What to produce:
From the line containing "SSB XR Series" to the line containing "GRADE A2 - Zanussi" in the records below, set down every line exactly as it stands, both ends included, and skip the pictures.

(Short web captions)

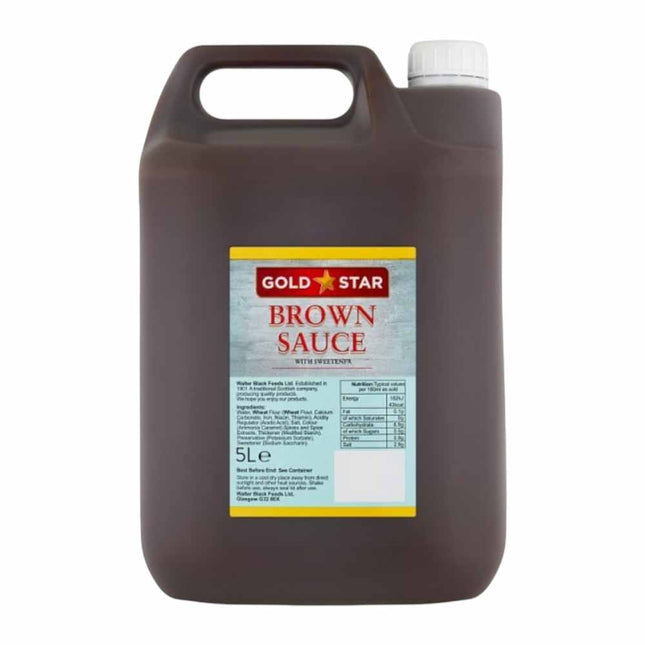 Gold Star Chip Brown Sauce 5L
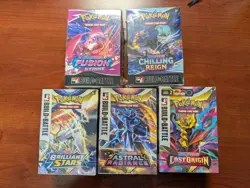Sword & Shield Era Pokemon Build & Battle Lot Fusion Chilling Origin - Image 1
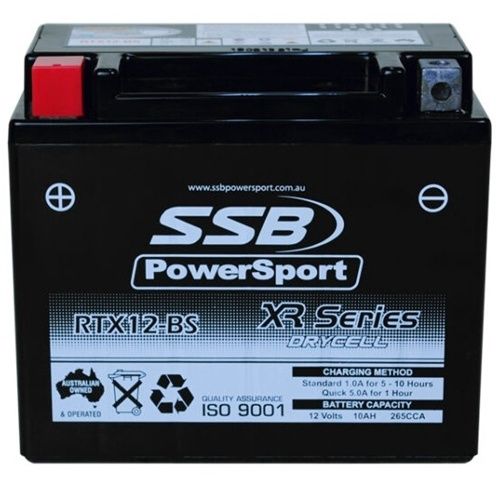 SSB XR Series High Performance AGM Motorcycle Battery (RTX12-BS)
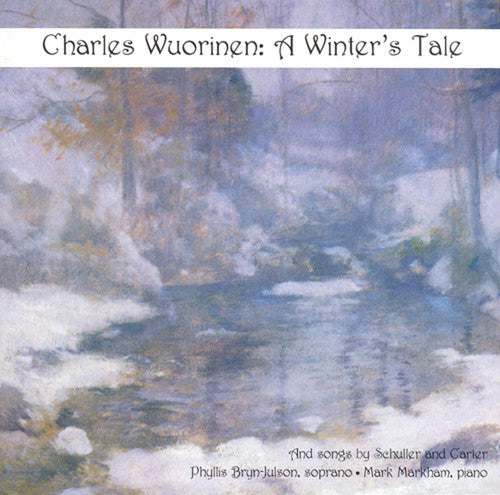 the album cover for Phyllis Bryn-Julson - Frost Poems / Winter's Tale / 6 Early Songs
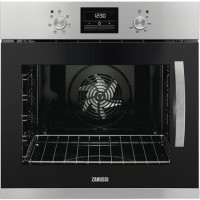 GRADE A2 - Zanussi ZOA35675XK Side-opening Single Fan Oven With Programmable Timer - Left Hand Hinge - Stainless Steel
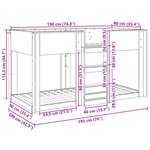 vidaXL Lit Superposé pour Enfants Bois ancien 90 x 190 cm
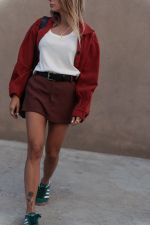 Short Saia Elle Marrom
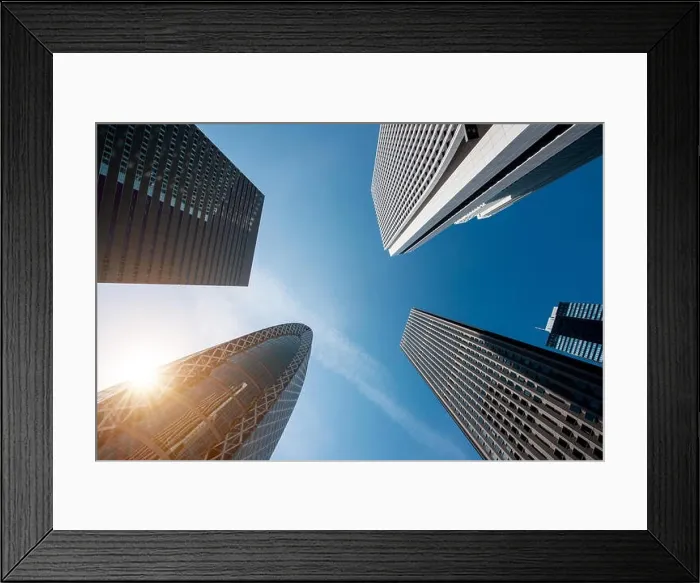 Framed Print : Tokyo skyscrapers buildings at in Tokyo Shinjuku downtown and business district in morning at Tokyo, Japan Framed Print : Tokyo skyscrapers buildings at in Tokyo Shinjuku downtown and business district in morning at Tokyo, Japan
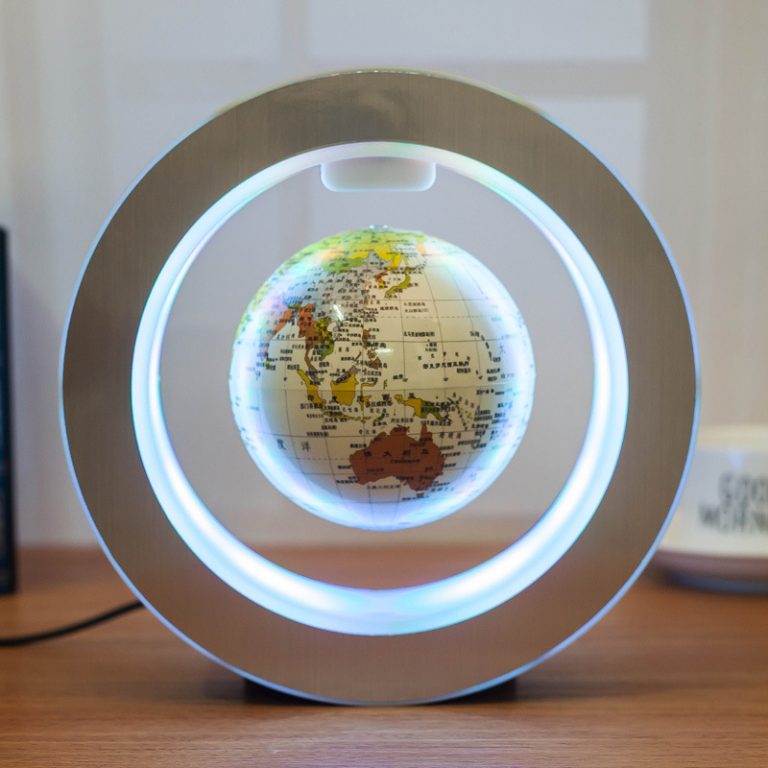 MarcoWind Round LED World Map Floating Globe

The completed task:
 SSB XR Series High Performance AGM Motorcycle Battery (RTX12-BS)
 the album cover for Phyllis Bryn-Julson - Frost Poems / Winter's Tale / 6 Early Songs
 GRADE A2 - Zanussi ZOA35675XK Side-opening Single Fan Oven With Programmable Timer - Left Hand Hinge - Stainless Steel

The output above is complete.